### Exercise objective
Would you please transcribe the data in full and exactly, excluding images?

### Dataset section

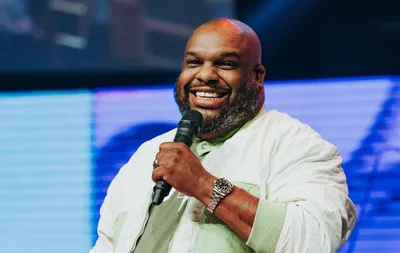 Esposa do pr. John Gray diz que as orações o mantém vivo: "Deus o sustentou"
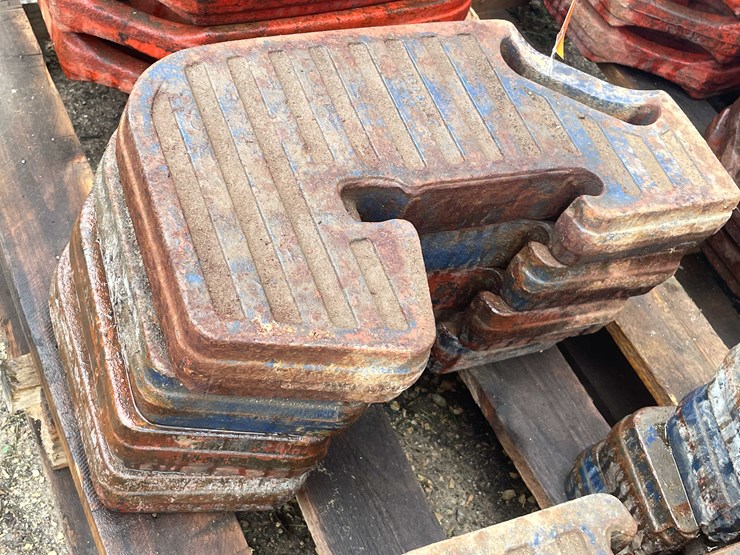 #7479-•-(4)-tractor-weights-image-1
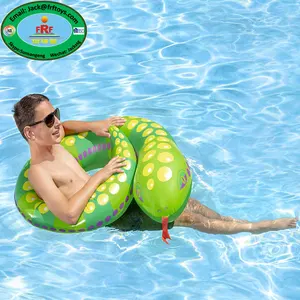 สระว่ายน้ำในช่วงฤดูร้อนของเล่นพองงูสระว่ายน้ำลอยแหวน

### Solution to this problem
 Esposa do pr. John Gray diz que as orações o mantém vivo: "Deus o sustentou"
 #7479-•-(4)-tractor-weights-image-1
 สระว่ายน้ำในช่วงฤดูร้อนของเล่นพองงูสระว่ายน้ำลอยแหวน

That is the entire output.